__DATASET CONTENT__.

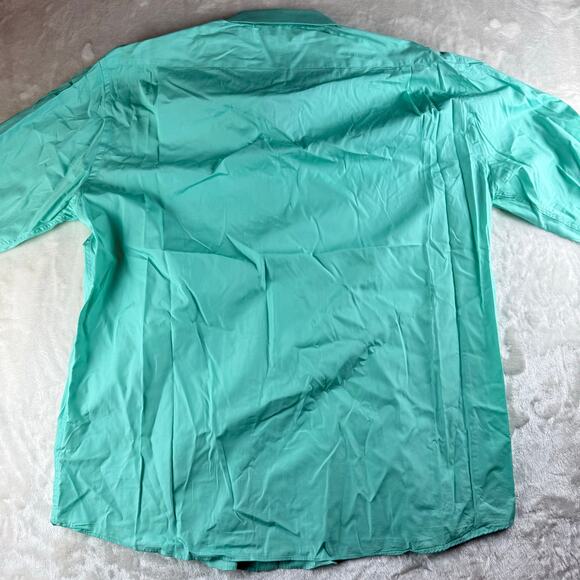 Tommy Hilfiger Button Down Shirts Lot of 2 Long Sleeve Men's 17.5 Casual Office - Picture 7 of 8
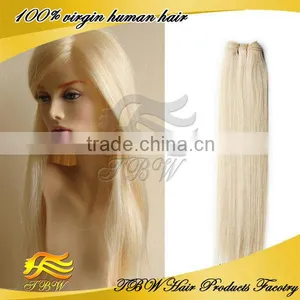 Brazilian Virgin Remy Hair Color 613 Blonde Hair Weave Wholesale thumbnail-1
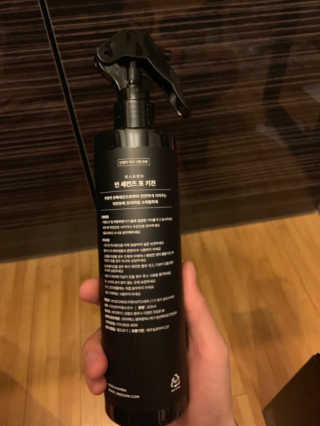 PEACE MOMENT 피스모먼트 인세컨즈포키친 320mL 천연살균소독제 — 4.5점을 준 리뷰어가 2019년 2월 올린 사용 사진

__EXERCISE AIM__.
From the first line to the last, repeat the listing exactly and skip its images.

__THE COMPLETED TASK__.
 Tommy Hilfiger Button Down Shirts Lot of 2 Long Sleeve Men's 17.5 Casual Office - Picture 7 of 8
 Brazilian Virgin Remy Hair Color 613 Blonde Hair Weave Wholesale thumbnail-1
 PEACE MOMENT 피스모먼트 인세컨즈포키친 320mL 천연살균소독제 — 4.5점을 준 리뷰어가 2019년 2월 올린 사용 사진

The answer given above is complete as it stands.